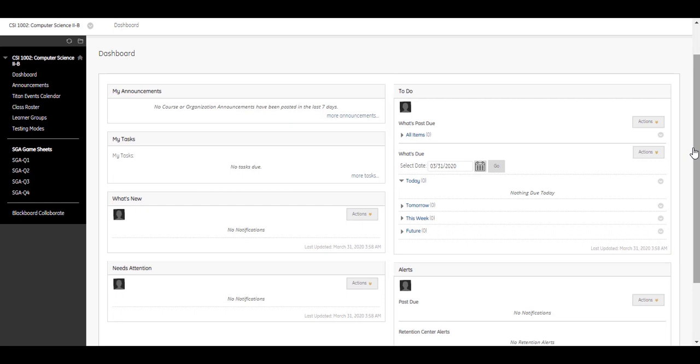The What's New module provides links to course content that your instructor has added or changed in the last seven days. Content types reported in this module include tests and surveys, assignments, blogs, content, discussion posts, and course messages.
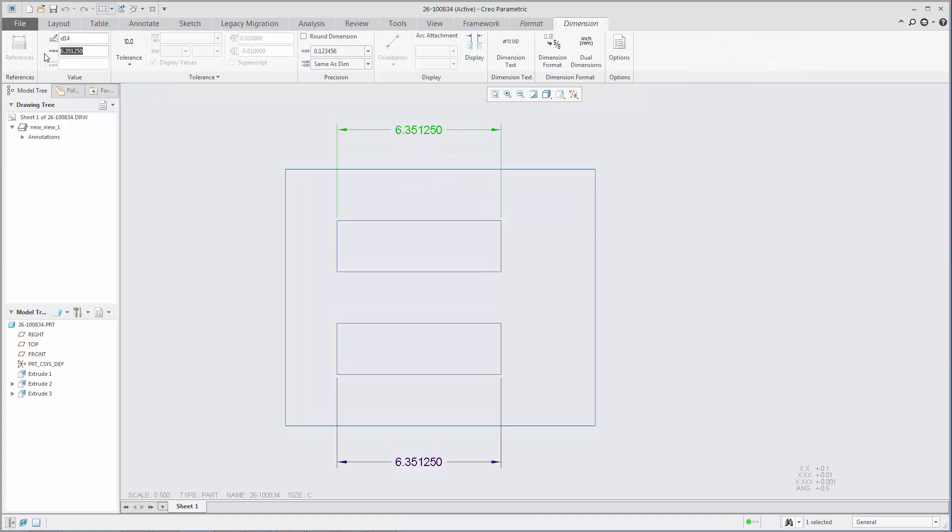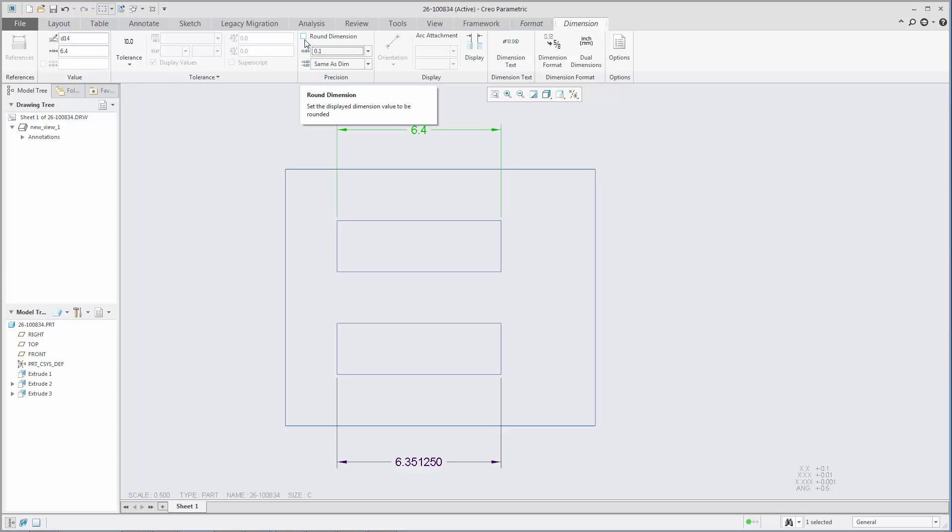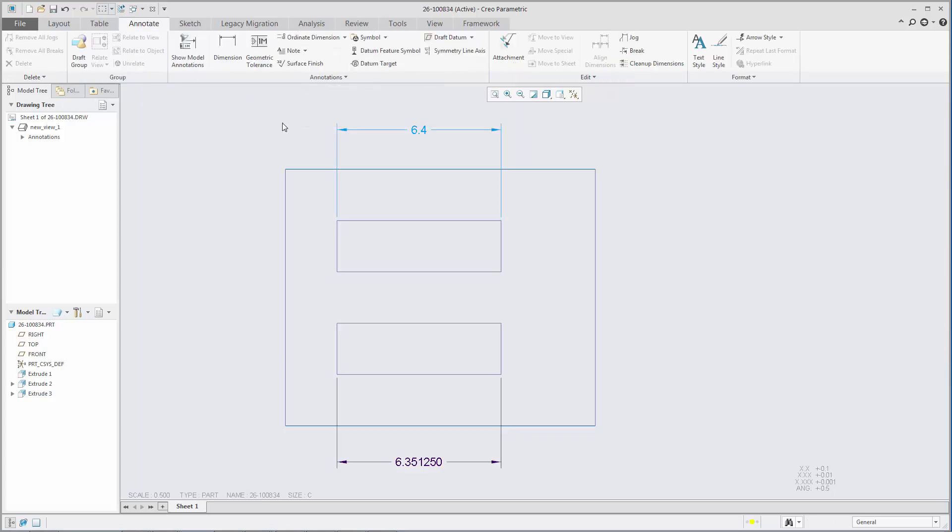When the option is set to yes, which is the default, changing the precision of an unrounded driving dimension updates the dimension value to reflect the new precision, requiring the model to be regenerated to the new dimension value.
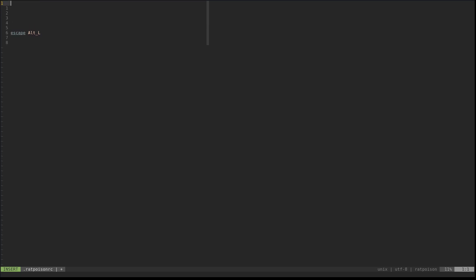We're going to bring that down a bit because we're going to put some autostart stuff in here to get rid of the black screen. Basically to get rid of the black screen on boot you just do 'exec' and we're going to do 'nitrogen --random --set zoom-fill'. That's just going to randomly pull a wallpaper and set it to fill the screen. I usually use xwallpaper, but for this I'm just going to throw nitrogen up there.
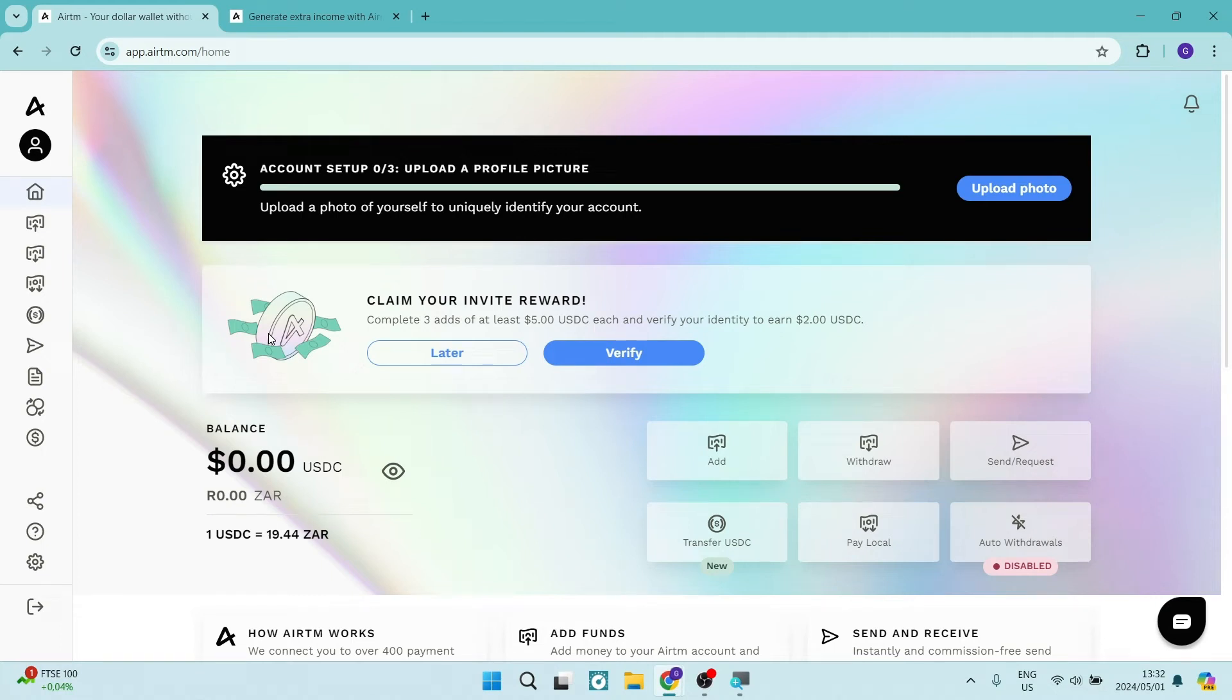Ladies and gentlemen, today I'm going to show you how to withdraw funds from your RTM account to Binance. So let us get into it.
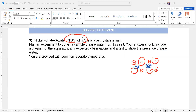Nickel sulfate·6H₂O is a blue crystalline salt, so it's blue in color. We have to plan an experiment to obtain a sample of pure water from this salt — we want to remove this water out. Since we want pure water, how can we test the purity of a substance? We can check the melting or boiling point.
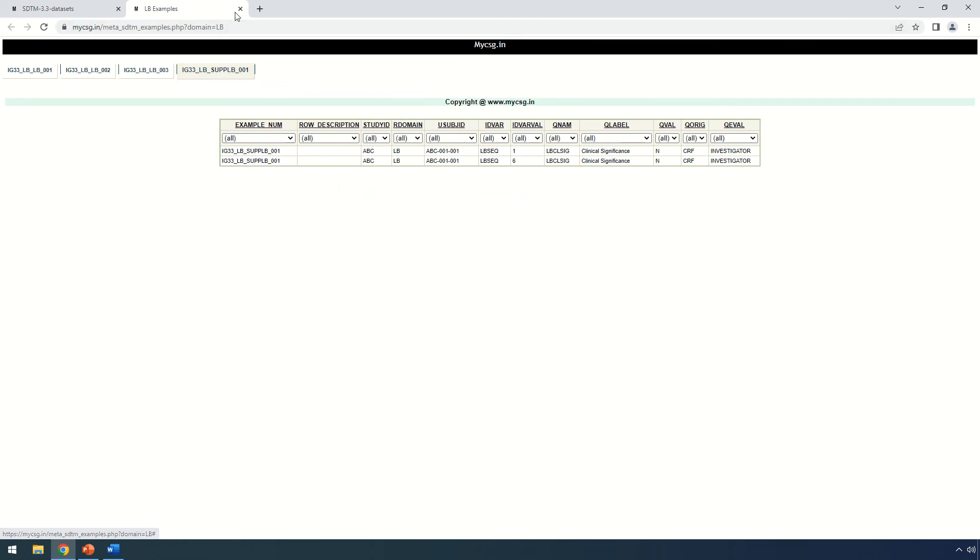This way you can easily navigate the SDTM metadata along with examples using this organized structure present on the website.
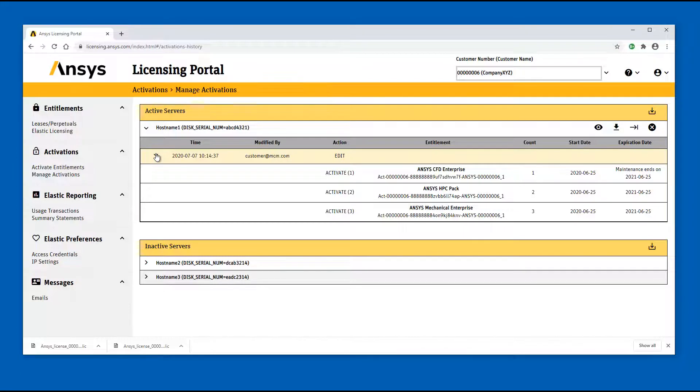This concludes this demonstration of managing your activations using the ANSYS Licensing Portal.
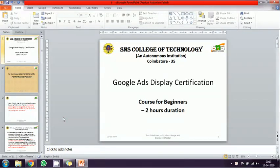Hi students. This is the Google Ad Display Certification course, the last phase — Phase Six. In this phase, we are going to discuss how to allocate budget and what kind of recommendations we get from Google Display Certification with respect to budget allocation.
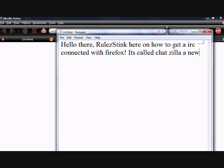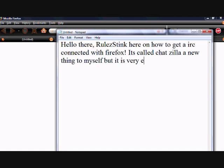This is 10% luck, 20% skill, 15% concentrated power of will, 5% pleasure, 50% pain, and 100% reason to remember the name.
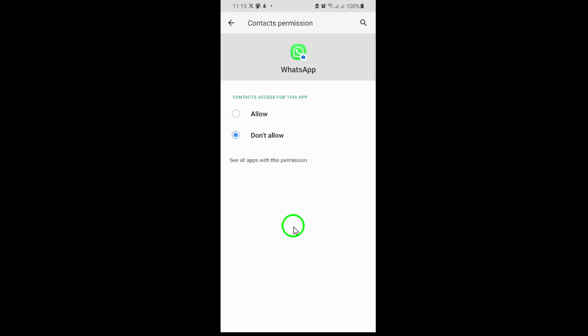Taking this step gives you greater control over your privacy and helps protect both your information and the details of people in your contact list. Remember, you can always return to these settings and change permissions if you ever want to allow access again. Thanks for watching. Stay safe and keep your digital life secure.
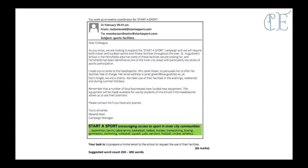So here is an exam question. You work as an events coordinator for Start a Sport, and they have written this email to you. Dear colleague, as you know, we are looking to expand the Start a Sport campaign and we will require both indoor and outdoor sports and fitness facilities throughout the year. St Augustine's school in the Perrifields area has some of these facilities we are looking for. And Perrifields has been identified as one of the inner city areas with particularly low levels of sports participation. I need you to write to the head teacher, Mrs Janet Green, to persuade her to offer her facilities free of charge. Her email address is janet.green.ac.uk. Don't forget we are a charity. We need use of their facilities in the evenings, weekends and during summer holidays. Remember that a number of local businesses have funded new equipment. This equipment will be made available for use by the students of the school if the head teacher allows us to use their premises. Please contact me if you have any queries. Yours sincerely, Melanie Reed, Campaign Manager. Start a Sport, encouraging access to sport in inner city communities.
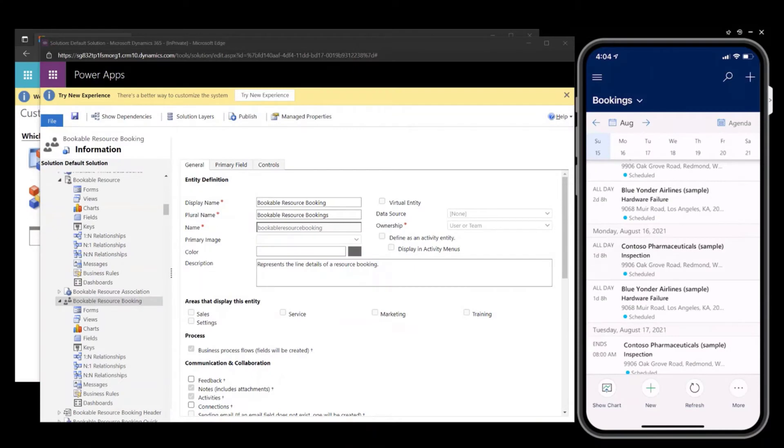Hello, today I would like to show you how to configure your booking calendar control for Field Service Mobile with additional custom fields for your frontline workers.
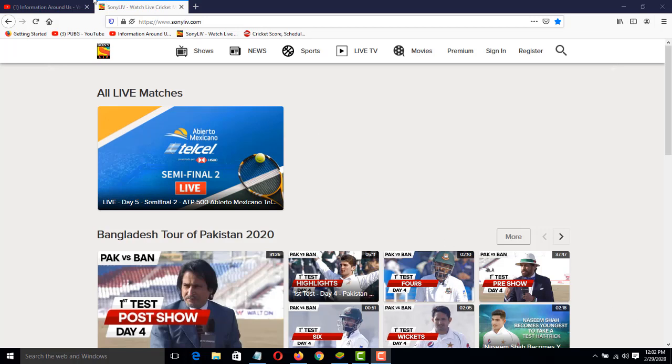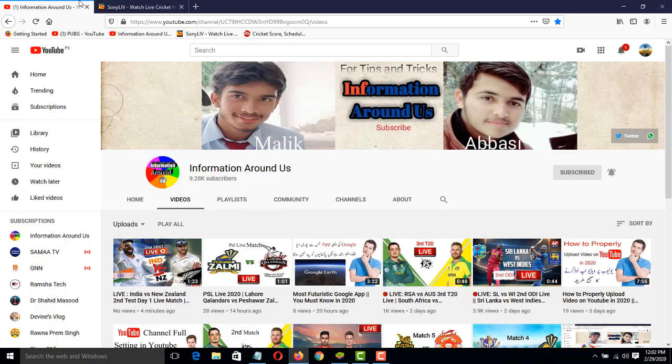I hope you enjoyed this video. Please subscribe my channel and press the bell icon for more informative videos. Goodbye.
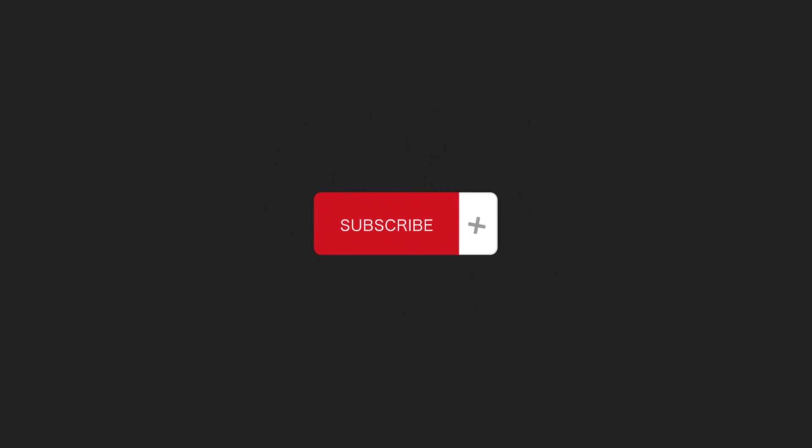If you enjoyed this video, please consider giving it a thumbs up and subscribing to this channel. Thank you.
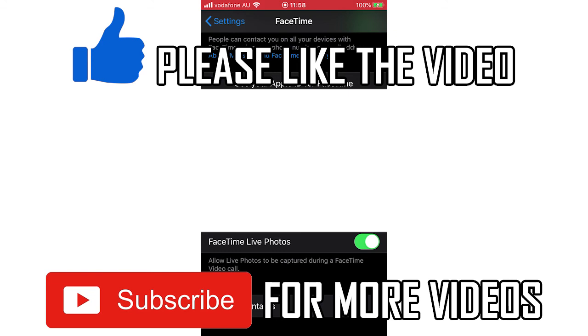Leave a like on the video if that did help you out. Subscribe for more videos like this. Click on screen to see my how-to videos on the FaceTime app. I have other videos similar. But that's it for now, I'll see you in the next video.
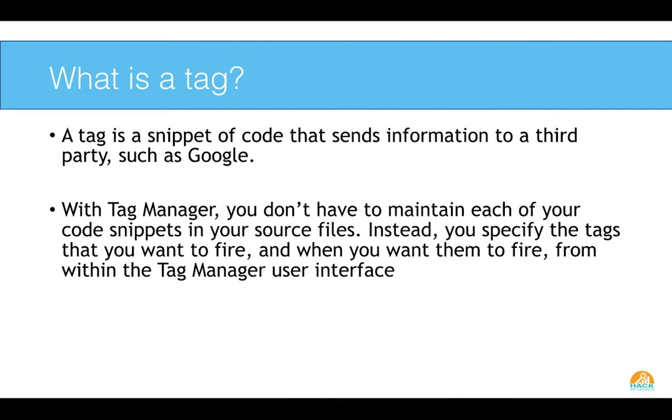So what's a tag, right? Well, a tag is just a snippet of code that sends information to a third party like Google. So it's that tracking code that you get with Google Analytics that allows you to send hit data back to your analytics software so you know what people are doing. With Tag Manager, you don't have to maintain all of these code snippets in your source file. So you don't have to put them in your header yourself and have your header really stacked with all of these analytic tags or analytic code snippets.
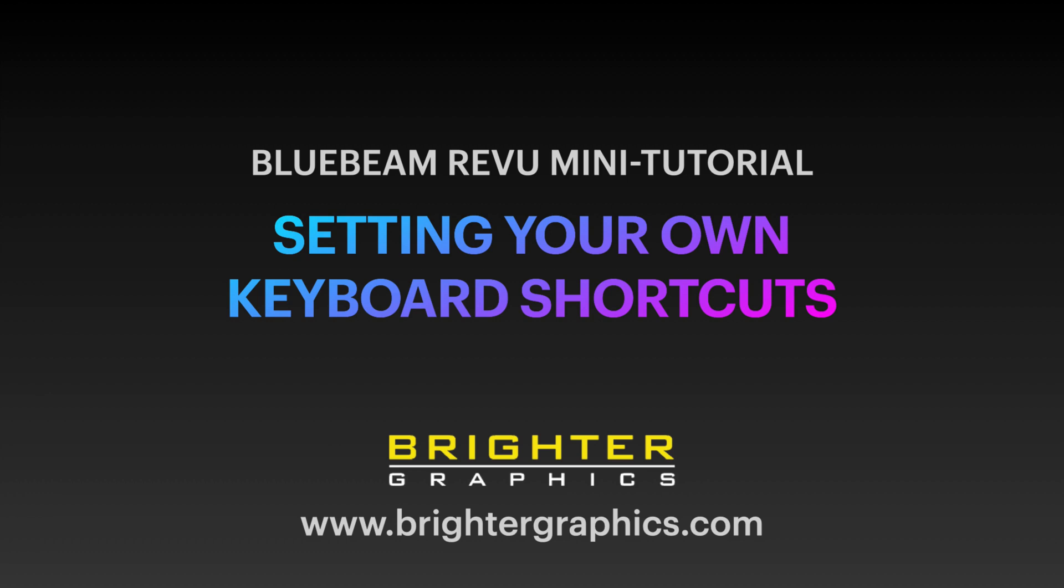Welcome to this Bluebeam Review mini tutorial. Today I'm going to show you how to set your own keyboard shortcuts.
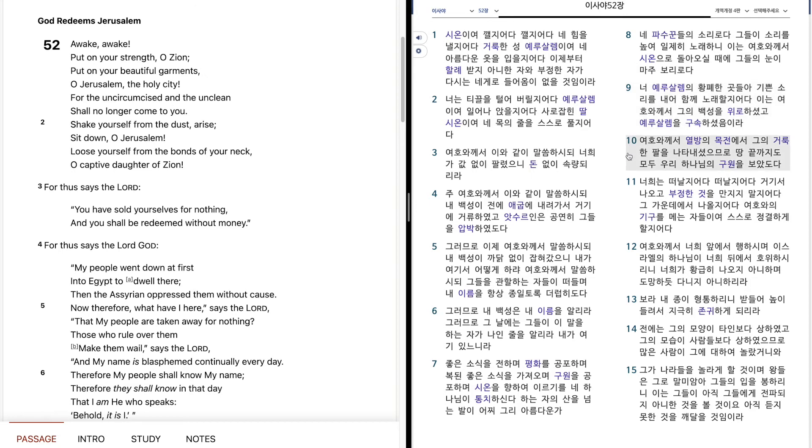이는 여호와께서 그의 백성을 위로하셨고, 예루살렘을 구속하셨으미라. 여호와께서 열방의 목전에서, 그의 거룩한 팔을 나타내셨으므로, 땅 끝까지도 모두 우리 하나님의 구원을 보았도다.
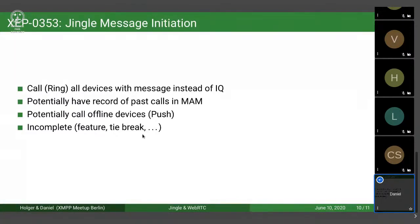Jingle Message Initiation is also the most incomplete XEP — there are a couple of things that will require rework. For example, it's currently lacking a feature where you can tell whether or not the other party supports it. It also doesn't have anything on tie-breaks. Jingle itself has something on tie-breaks — when two people are calling each other simultaneously, you don't want both indicated as busy, you just want the call to connect. But Jingle Message Initiation doesn't yet clarify how to handle that, and that's something that needs to be resolved before it can move to draft.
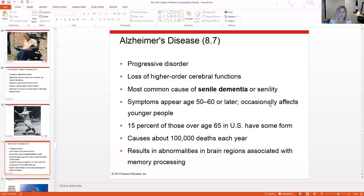Alzheimer's disease is a progressive disorder causing loss of higher-order cerebral functions — thinking, memory, logic, etc. It is the most common cause of dementia in the elderly, with symptoms usually appearing between age 50 and 60. It causes approximately 100,000 deaths per year and results from abnormalities in brain regions associated with memory processing. Early signs include things like misplacing objects or forgetting familiar tasks, and it can progress slowly or rapidly depending on the individual.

# Task prompt:
What is wanted is an exact copy of the lines above from the one containing "Leave a like" through the one containing "Jingle Message Initiation is", with no pictures in it.

# Result for this exercise:
Leave a like on the video if that did help you out. Subscribe for more videos like this. Click on screen to see my how-to videos on the FaceTime app. I have other videos similar. But that's it for now, I'll see you in the next video.
So what's a tag, right? Well, a tag is just a snippet of code that sends information to a third party like Google. So it's that tracking code that you get with Google Analytics that allows you to send hit data back to your analytics software so you know what people are doing. With Tag Manager, you don't have to maintain all of these code snippets in your source file. So you don't have to put them in your header yourself and have your header really stacked with all of these analytic tags or analytic code snippets.
Welcome to this Bluebeam Review mini tutorial. Today I'm going to show you how to set your own keyboard shortcuts.
이는 여호와께서 그의 백성을 위로하셨고, 예루살렘을 구속하셨으미라. 여호와께서 열방의 목전에서, 그의 거룩한 팔을 나타내셨으므로, 땅 끝까지도 모두 우리 하나님의 구원을 보았도다.
Jingle Message Initiation is also the most incomplete XEP — there are a couple of things that will require rework. For example, it's currently lacking a feature where you can tell whether or not the other party supports it. It also doesn't have anything on tie-breaks. Jingle itself has something on tie-breaks — when two people are calling each other simultaneously, you don't want both indicated as busy, you just want the call to connect. But Jingle Message Initiation doesn't yet clarify how to handle that, and that's something that needs to be resolved before it can move to draft.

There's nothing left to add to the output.